[INSTRUCTIONS FOR THE TASK]: Copy exactly, beginning with the line holding "URBANO Solid Brass Knurled T-Bar Handle" and ending with the final line of the data beneath this task; copy nothing else, and leave out every picture.

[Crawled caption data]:
▬▬▬▬▬▬

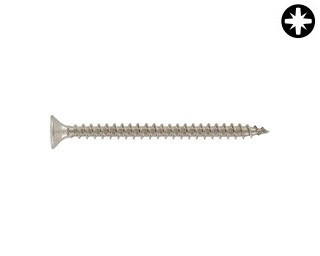 Univerzální zápustné vruty PZ Nerez A2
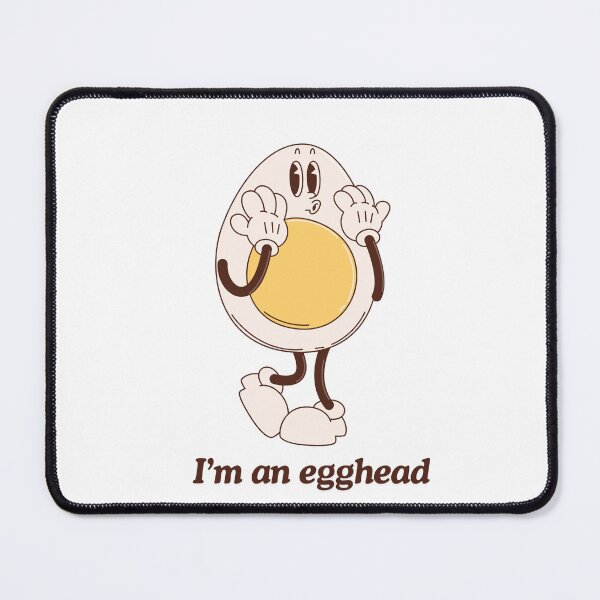 Item preview, Retro Egghead Mascot – "I'm an egghead" Vintage Cartoon Tee designed and sold by GoodBaguette.
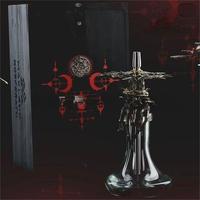 Chicha moderne en verre givré à la main de luxe, à tuyau unique, portable, coffret cadeau de voyage
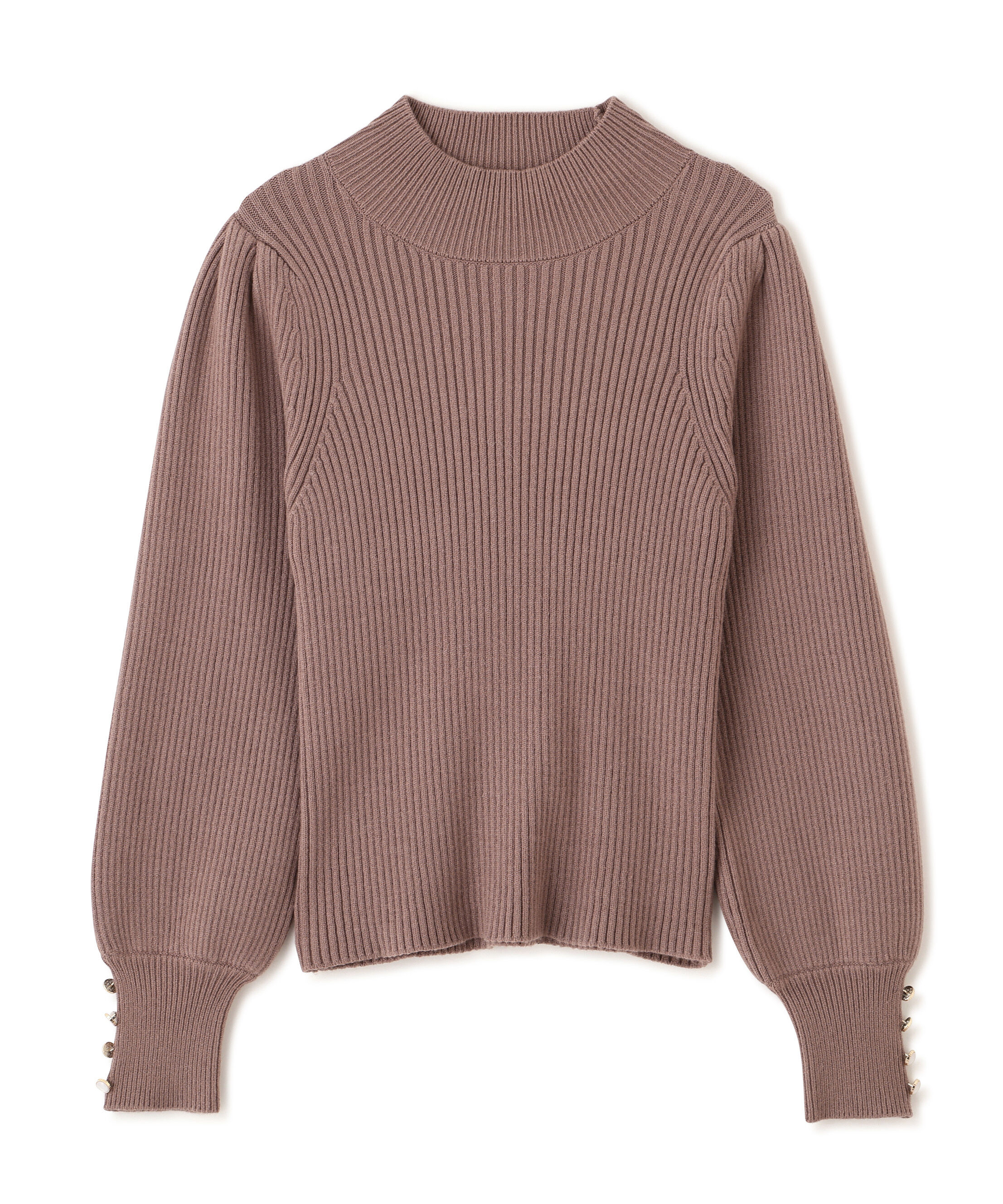 PROPORTION BODY DRESSING「＜ハンドウォッシャブル＞ハイネックボリュームスリーブニット 25AW」|ニット・セーター|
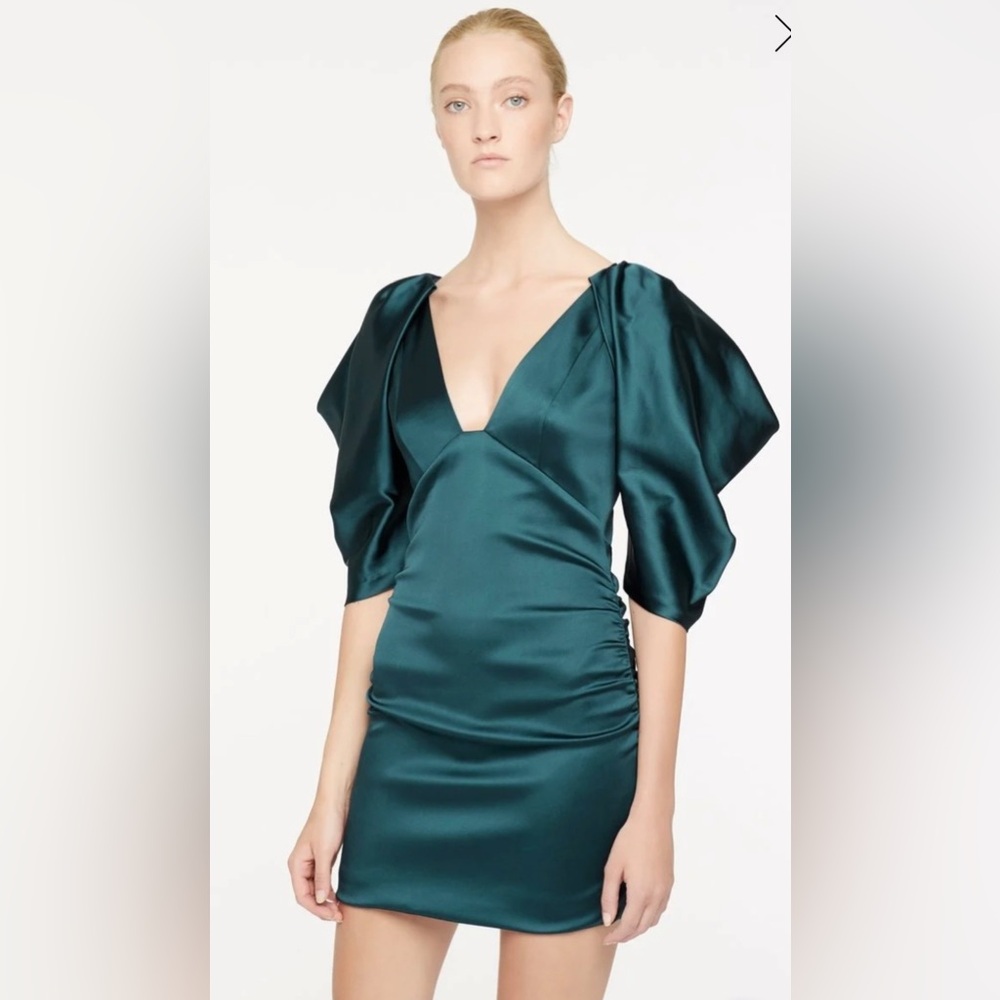 Manning Cartell Midnight Blue Ruched Bodycon Mini Dress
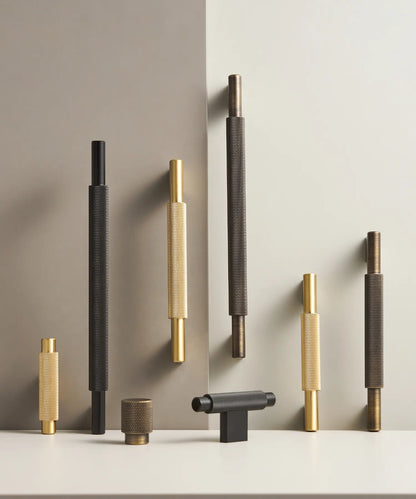 URBANO Solid Brass Knurled T-Bar Handle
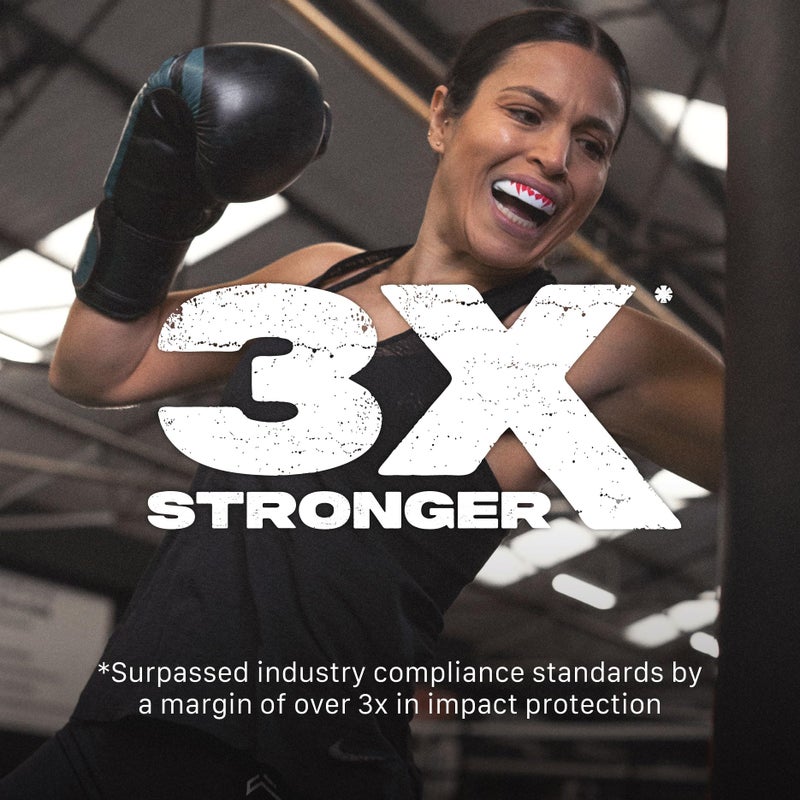 SafeJawz Sports Mouthguard, Dual Layer Premium Mouth Guard with Case for Basketball, Lacrosse, Football, Martial Arts, Hockey, Wrestling, Ice Hockey and All Contact Sports - Image 2
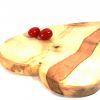 handmade hand cut wooden chopping board heart shaped in English spalged Scycamore
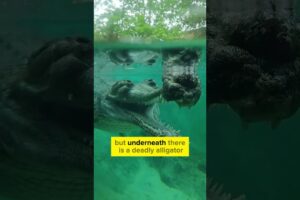 Dont Swim in this water 😱 #shorts #alligator #crocodile #dangerous #reptiles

▬▬▬▬▬▬

[WRITTEN RESPONSE]:
 URBANO Solid Brass Knurled T-Bar Handle
 SafeJawz Sports Mouthguard, Dual Layer Premium Mouth Guard with Case for Basketball, Lacrosse, Football, Martial Arts, Hockey, Wrestling, Ice Hockey and All Contact Sports - Image 2
 handmade hand cut wooden chopping board heart shaped in English spalged Scycamore
 Dont Swim in this water 😱 #shorts #alligator #crocodile #dangerous #reptiles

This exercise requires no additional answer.